Property buyers in the US are looking at smaller places and are increasingly seeking out smaller homes that are cheaper to furnish and heat.
As a result developers are looking to build smaller properties and make a point of offering well insulated homes and those with eco friendly features. They are also cheaper to build.
Cheaper property is also expected to sell well as they are cheaper to finance in the current recession. And they are cheaper to fit as buyers want cheaper kitchens and other fittings. Marble kitchen counters are out and Formica is growing in popularity.
Steve Hilton, chief executive of Meritage Homes said most of its customers are first time buyers who want smaller properties. Typical is a three bedroom, 1,100 square-foot home for $95,000.

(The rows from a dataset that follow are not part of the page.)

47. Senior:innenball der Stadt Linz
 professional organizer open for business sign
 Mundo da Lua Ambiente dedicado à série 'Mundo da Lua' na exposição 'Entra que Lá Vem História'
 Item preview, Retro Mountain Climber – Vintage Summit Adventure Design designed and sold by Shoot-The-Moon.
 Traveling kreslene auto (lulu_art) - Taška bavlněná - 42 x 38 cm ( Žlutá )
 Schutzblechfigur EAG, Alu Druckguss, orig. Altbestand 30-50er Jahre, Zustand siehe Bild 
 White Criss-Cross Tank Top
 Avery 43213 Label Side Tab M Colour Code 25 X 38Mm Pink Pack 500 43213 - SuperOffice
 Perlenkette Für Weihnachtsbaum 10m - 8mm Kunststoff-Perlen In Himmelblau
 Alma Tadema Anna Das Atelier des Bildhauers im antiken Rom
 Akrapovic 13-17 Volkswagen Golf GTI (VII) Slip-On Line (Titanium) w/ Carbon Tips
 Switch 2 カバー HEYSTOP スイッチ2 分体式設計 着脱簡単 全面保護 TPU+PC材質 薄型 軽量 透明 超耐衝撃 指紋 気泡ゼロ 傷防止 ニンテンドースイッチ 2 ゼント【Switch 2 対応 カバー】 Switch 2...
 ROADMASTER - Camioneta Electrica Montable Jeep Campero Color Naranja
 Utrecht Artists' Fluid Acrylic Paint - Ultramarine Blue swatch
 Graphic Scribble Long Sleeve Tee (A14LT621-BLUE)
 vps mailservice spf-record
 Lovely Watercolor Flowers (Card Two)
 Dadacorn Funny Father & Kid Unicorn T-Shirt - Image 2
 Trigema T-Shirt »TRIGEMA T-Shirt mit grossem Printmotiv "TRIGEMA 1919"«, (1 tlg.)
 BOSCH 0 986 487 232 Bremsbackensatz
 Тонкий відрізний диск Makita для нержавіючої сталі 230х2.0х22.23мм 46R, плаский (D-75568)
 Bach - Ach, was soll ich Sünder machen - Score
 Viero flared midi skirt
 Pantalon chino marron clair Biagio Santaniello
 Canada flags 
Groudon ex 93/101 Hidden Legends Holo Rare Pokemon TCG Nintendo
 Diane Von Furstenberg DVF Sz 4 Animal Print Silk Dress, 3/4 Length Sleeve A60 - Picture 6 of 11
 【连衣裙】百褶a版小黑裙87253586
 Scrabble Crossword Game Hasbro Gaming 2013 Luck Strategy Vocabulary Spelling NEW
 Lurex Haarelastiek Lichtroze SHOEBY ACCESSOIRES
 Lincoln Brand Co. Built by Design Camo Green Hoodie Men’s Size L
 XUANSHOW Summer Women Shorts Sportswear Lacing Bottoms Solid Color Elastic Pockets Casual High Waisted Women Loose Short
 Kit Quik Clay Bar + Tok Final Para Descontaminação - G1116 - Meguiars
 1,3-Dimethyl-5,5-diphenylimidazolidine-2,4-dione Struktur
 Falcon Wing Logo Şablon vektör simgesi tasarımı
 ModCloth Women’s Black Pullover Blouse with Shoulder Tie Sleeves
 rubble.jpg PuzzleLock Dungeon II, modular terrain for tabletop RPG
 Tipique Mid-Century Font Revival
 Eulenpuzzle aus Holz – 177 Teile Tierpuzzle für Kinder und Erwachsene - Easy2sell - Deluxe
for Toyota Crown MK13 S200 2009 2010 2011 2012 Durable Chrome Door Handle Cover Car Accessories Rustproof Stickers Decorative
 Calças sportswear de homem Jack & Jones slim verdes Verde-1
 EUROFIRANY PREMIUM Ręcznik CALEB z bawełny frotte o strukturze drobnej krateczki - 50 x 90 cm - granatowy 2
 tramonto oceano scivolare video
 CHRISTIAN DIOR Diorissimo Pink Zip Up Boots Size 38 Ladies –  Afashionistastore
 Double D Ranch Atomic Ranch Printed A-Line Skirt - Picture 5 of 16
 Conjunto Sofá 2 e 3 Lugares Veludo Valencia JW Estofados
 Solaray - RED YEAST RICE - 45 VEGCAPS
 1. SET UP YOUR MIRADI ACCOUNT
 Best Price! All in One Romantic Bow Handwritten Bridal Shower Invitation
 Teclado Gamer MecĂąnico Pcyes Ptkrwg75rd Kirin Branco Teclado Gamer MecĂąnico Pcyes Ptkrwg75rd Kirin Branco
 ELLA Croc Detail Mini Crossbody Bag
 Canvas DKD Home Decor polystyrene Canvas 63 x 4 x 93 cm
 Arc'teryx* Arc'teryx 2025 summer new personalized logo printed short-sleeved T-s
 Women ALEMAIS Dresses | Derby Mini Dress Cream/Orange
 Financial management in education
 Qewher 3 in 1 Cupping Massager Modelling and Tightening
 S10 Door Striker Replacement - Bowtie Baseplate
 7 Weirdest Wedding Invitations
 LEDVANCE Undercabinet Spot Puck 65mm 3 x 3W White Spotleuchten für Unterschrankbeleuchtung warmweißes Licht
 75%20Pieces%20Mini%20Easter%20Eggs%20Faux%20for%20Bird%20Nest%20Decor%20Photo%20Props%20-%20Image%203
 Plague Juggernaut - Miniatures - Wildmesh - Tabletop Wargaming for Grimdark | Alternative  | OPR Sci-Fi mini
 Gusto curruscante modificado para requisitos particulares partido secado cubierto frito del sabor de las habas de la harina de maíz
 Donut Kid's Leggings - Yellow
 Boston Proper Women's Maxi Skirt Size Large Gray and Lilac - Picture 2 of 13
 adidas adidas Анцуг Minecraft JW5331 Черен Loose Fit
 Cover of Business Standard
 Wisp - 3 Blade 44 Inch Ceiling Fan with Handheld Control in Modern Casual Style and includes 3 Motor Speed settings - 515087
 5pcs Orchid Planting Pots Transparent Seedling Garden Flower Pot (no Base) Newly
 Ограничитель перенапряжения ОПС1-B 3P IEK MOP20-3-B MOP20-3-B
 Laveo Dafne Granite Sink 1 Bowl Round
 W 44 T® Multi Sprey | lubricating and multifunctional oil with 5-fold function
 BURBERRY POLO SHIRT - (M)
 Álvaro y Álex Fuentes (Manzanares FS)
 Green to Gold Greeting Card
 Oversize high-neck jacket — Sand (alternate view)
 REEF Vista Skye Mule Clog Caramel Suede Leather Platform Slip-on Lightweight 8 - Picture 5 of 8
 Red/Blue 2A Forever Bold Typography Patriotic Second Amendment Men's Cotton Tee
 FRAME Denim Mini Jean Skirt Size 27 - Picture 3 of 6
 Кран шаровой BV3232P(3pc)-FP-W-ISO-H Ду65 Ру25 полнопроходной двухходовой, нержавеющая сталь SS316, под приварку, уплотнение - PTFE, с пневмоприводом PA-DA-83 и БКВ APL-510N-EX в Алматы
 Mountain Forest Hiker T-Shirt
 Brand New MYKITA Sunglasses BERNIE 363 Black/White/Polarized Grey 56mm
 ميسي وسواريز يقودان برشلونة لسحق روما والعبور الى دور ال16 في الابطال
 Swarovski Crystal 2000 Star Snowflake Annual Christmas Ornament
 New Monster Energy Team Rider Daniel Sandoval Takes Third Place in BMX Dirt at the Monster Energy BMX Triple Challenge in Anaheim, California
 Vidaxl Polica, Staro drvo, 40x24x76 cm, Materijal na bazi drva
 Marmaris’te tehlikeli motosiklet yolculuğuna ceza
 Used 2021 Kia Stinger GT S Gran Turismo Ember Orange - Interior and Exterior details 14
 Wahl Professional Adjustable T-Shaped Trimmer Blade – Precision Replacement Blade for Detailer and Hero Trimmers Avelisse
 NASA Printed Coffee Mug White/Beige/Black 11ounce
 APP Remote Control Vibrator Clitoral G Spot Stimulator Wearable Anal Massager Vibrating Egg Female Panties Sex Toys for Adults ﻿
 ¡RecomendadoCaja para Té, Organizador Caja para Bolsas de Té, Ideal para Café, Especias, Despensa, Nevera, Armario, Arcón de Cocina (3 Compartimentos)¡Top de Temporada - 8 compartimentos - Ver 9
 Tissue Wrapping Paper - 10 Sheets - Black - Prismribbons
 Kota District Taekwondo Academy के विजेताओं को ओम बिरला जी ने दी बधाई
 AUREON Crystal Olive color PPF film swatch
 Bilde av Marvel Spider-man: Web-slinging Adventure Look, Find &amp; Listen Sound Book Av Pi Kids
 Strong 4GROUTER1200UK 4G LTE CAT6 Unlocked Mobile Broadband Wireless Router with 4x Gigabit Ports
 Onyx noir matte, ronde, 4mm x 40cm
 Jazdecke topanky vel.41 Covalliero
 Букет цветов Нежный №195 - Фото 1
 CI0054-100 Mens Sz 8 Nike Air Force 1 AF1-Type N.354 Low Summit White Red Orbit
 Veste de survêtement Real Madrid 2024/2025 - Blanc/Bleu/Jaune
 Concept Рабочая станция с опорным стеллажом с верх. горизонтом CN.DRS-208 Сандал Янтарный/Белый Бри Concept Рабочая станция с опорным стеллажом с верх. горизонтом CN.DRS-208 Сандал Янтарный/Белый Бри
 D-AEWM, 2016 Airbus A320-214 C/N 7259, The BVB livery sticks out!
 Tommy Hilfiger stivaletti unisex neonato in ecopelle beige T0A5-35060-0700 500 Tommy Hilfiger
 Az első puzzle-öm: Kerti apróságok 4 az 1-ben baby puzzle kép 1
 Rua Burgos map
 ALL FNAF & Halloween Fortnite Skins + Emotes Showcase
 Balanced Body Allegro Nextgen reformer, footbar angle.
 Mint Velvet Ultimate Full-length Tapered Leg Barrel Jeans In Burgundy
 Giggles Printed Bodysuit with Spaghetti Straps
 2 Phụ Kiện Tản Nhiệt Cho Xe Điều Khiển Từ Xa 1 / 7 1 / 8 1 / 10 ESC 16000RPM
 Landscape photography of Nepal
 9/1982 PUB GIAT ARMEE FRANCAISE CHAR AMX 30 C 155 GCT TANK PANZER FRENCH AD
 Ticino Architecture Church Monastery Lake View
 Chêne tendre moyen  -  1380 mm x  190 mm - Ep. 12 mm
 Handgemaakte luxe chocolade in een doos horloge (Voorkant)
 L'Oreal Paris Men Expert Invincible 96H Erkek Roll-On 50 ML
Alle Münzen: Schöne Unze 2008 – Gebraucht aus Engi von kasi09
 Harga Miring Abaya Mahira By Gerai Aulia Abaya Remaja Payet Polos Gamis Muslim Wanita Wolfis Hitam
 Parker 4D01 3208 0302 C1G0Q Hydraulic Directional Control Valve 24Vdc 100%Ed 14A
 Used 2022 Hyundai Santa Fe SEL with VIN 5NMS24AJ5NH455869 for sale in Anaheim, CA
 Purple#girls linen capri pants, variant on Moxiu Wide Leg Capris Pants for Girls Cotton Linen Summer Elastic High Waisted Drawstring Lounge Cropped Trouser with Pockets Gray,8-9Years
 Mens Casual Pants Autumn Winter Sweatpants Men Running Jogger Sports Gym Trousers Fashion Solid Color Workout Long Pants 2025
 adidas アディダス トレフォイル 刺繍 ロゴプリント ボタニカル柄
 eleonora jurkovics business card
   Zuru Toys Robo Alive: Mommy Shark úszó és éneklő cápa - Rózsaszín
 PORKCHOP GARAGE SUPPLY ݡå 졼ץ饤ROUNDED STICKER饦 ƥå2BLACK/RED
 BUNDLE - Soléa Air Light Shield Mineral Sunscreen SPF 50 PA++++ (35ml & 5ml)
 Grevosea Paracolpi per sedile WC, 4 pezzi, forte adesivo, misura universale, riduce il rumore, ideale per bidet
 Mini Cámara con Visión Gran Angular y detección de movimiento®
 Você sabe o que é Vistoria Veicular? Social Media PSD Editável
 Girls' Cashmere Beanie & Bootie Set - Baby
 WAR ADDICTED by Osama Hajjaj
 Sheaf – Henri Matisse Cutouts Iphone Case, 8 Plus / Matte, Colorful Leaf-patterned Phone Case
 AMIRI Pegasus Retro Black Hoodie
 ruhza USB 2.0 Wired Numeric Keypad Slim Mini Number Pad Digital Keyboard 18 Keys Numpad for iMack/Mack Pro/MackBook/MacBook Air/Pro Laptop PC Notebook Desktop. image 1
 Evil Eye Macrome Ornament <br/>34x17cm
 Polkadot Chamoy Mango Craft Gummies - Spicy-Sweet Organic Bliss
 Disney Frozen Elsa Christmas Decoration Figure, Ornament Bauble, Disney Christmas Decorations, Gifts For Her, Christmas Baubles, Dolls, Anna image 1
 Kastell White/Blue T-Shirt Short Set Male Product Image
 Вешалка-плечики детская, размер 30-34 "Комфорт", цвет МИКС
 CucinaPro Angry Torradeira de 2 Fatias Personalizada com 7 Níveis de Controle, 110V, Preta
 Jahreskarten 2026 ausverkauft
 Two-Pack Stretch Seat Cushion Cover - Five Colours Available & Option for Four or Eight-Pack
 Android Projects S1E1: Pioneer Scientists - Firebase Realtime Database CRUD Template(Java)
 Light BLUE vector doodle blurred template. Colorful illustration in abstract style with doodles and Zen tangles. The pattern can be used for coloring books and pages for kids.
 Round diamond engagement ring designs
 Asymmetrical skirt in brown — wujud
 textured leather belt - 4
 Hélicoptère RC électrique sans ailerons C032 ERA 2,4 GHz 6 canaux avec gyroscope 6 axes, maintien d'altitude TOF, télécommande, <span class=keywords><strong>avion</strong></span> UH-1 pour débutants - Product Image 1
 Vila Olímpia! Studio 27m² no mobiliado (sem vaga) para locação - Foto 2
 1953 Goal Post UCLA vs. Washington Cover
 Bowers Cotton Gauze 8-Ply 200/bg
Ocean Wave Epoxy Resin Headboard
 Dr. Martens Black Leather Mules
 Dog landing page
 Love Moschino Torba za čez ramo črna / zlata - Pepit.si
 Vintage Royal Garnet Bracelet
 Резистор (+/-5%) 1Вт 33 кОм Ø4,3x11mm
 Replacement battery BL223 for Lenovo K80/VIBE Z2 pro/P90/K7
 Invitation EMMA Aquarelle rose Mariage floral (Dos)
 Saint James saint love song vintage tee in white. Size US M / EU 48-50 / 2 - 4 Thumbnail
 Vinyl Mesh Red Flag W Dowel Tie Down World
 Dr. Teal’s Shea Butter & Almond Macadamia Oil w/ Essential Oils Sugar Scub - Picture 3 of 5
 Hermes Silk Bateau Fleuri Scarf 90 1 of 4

A new survey from the American Institute of Architects found that Americans increasingly prefer smaller homes and lower ceilings, in part because of energy costs.
According to the trade group 50% of architecture firms find clients are choosing homes with smaller square footage, compared with 13% who said so in 2005.
An analysis of homes sizes over the years shows that new home sizes grew for much of the post-World War Two period, from less than 1,000 square feet in the 1950s to 1,400 square feet in the 1970s and up to more than 2,400 square feet in 2004.
According to US Census data the average home size fell to 2,200 square feet in 2008, the first decline for 13 years and it is expected to fall even further in 2009.
The reversal reflects Americans’ nervousness about the economy and about the stability of their jobs, as well as restrictions lenders have imposed as a result of the ongoing financial crisis.
But some experts are warning developers that even cheaper, smaller homes cannot compete with the bargain prices found in the foreclosure sector. ‘Despite price reductions and value-add upgrades, newly constructed homes simply cannot compete with the values found in the existing homes market,’ said Bob Walters, chief economist of Quicken Loans.
‘Home sizes have been trending down recently. The era of the McMansion could well be over,’ AIA chief economist Kermit Baker.